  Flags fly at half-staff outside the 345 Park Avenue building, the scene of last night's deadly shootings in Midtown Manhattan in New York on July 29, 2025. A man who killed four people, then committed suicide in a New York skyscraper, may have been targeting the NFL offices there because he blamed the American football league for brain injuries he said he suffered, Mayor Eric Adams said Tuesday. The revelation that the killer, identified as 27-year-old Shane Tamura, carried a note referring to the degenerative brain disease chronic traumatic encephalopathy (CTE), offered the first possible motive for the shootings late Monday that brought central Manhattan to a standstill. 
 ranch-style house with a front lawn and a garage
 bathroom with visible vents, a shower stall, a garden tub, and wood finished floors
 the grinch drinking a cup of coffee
---
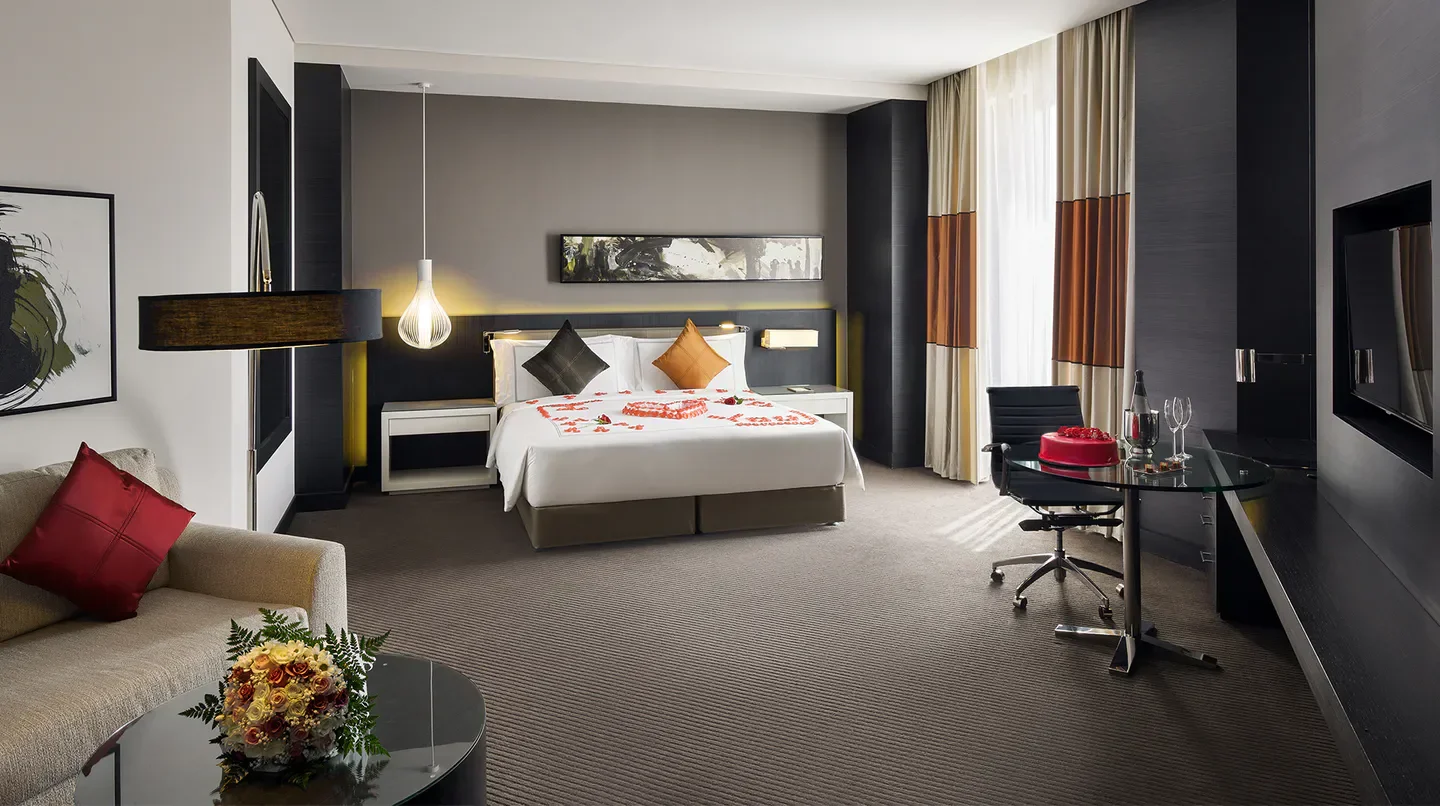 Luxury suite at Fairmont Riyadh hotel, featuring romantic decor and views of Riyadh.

Try it
Wherever the word "with" occurs in the data, copy that whole line.

Answer area
 ranch-style house with a front lawn and a garage
 bathroom with visible vents, a shower stall, a garden tub, and wood finished floors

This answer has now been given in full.